Carpentry is a skilled trade in which the primary work performed is the use of wood to construct items as large as buildings and as small as desk drawers. Carpentry is also used to construct the formwork into which concrete is poured during the building of structures such as roads and highway overpasses. While the primary material used is wood, the construction of walls with metal studs, and concrete formwork with reusable metal forms, is a carpentry skill.
Professional status as a journeyman carpenter in the United States may be obtained in a number of ways. The most formal training is acquired in a four year apprenticeship program administered by the United Brotherhood of Carpenters and Joiners of America, in which journeyman status is obtained after successful completion of a 12 weeks of pre-appenticeship training, followed by 4 years of on-the-job field training working alongside journeyman carpenters.
There are two main divisions of training: Construction Carpentry and Cabinetmaking. During pre-apprenticeship trainees in each major division spend 30 hours a week for 12 weeks in classrooms and indoor workshops, learning mathematics, trade terminology, and skill with hand and power tools. Construction carpentry trainees also have a daily calisthentics period to prepare for the physical aspect of the work.
Upon completion of pre-apprenticship, trainess who successfully pass the graded curriculum (taught by highly experienced journeyman carpenters) are assigned to a local union, and to union carpentry crews at work on construction sites or in cabinet shops as First Year Apprentices. Over the next four years as they progress in status to 2nd Year, 3rd year, and 4th Year Apprentice, they periodically return to the training facility for one week every three months for more detailed training in specific aspects of the trade.

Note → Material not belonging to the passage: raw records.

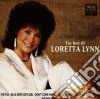 Loretta Lynn - Best Of Loretta Lynn cd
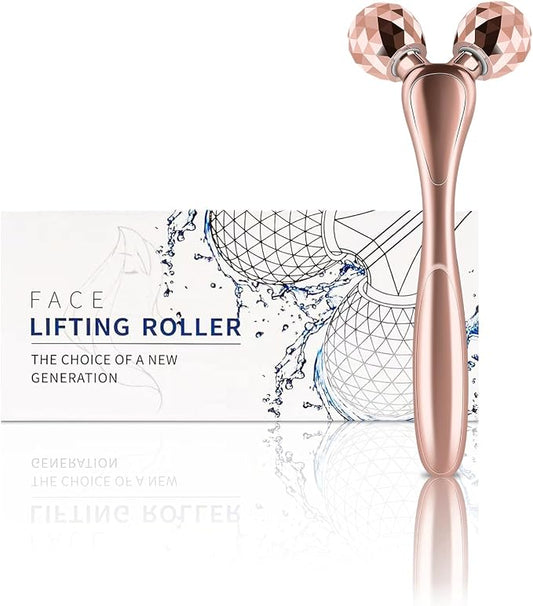 Glossy Rose Gold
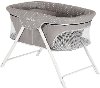 Twinkle Gray Portable Bassinet - Traveler -1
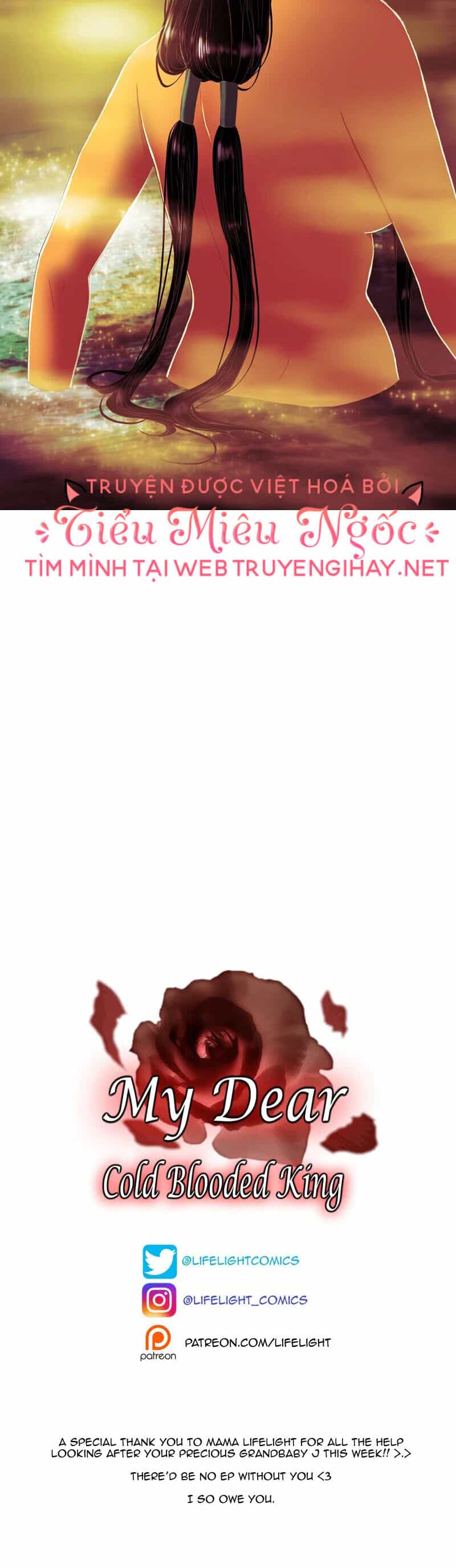 Hoàng Đế Máu Lạnh Của Tôi - Chương 80 - ảnh 34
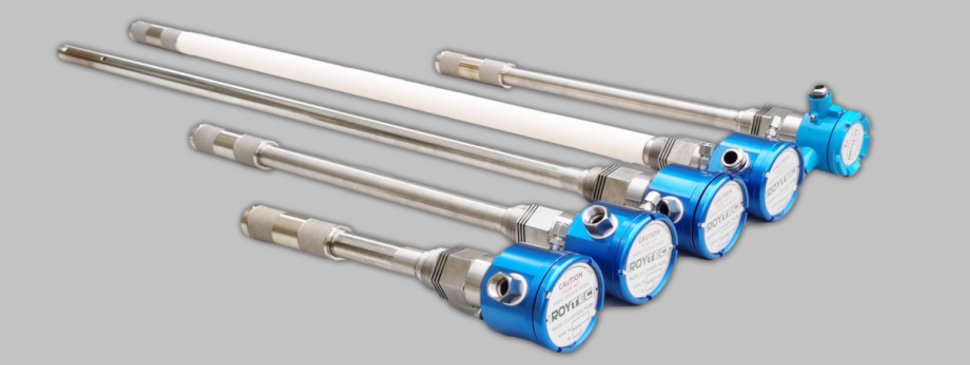 ROYTEC211TA氧化锆氧量分析仪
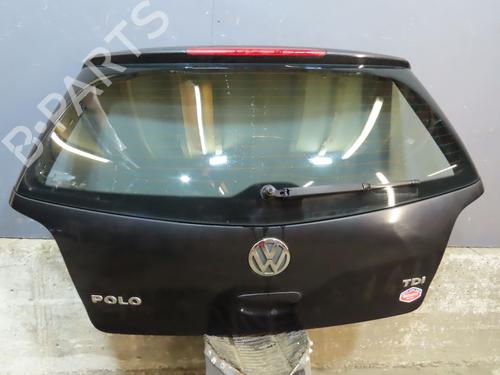 Used Tailgate VW POLO (9N_, 9A_) 1.4 TDI (70 hp) 20695784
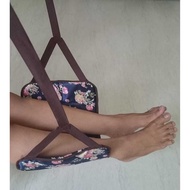 Foot rest traveler Hammock tablet Foot Rest – Table Footrest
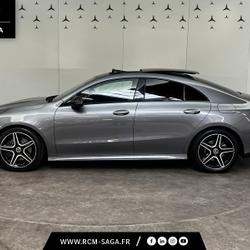 Mercedes CLA Coup&eacute; 200 AMG Line Valenton
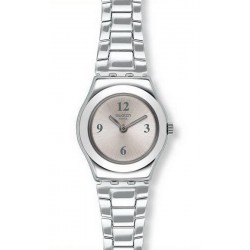 Swatch Damenuhr Irony Lady More Silver Keeper YSS296G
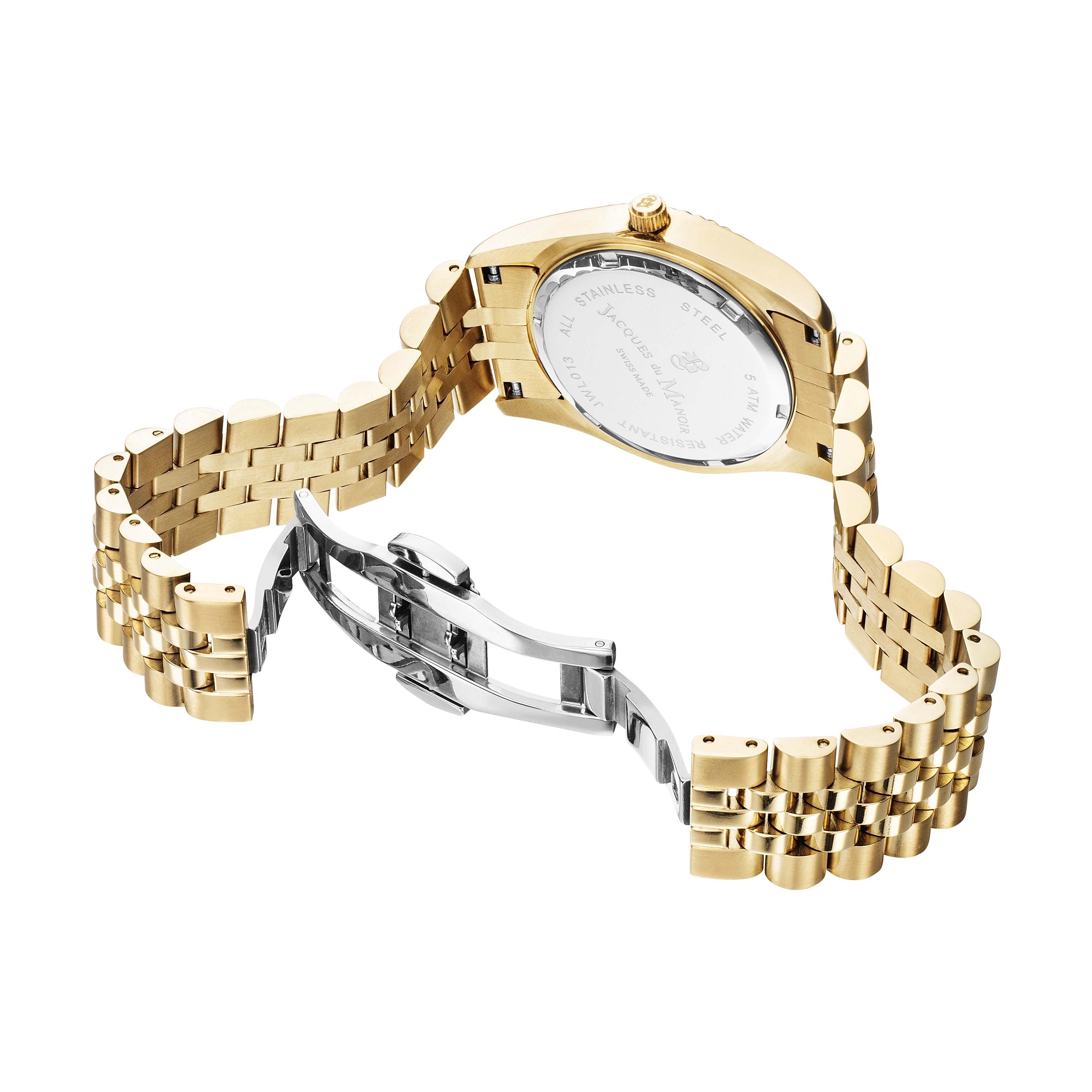 Dameshorloge Inspiration Roman Gold - JWL01302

Less formal methods of obtaining Union Journeyman status exist, such as working alongside carpenters for years as a laborer, and learning skills by observation and peripheral assistance. While such an individual may obtain journeyman status by paying the union entry fee and obtaining a journeyman's card (which provides the right to work on a union carpentry crew) the carpenter foreman will by necessity dismiss any worker who presents the card but not demonstrate the expected work skill.

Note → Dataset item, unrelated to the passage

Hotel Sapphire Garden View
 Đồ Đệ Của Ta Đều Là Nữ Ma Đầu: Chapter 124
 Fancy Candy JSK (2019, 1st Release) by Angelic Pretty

Carpentry skill of a varying degree may gained through non-union vocational programs, such as high school shop classes.
The word "carpenter" is the English rendering of the Old French word carpentier (become charpentier) which is derived from the Latin carpentrius , "(maker) of a carriage. The Middle English and Scots word (in the sense of "builder") was wright (from the Old English wryhta), which could be used in compound forms such as wheelwright or boatwright. In British slang, a carpenter is sometimes referred to as a "chippy".
Carpentry in the United States is almost always done by men. With 98.5% of carpenters being male, it was the fourth most male-dominated occupation in the country in 1999.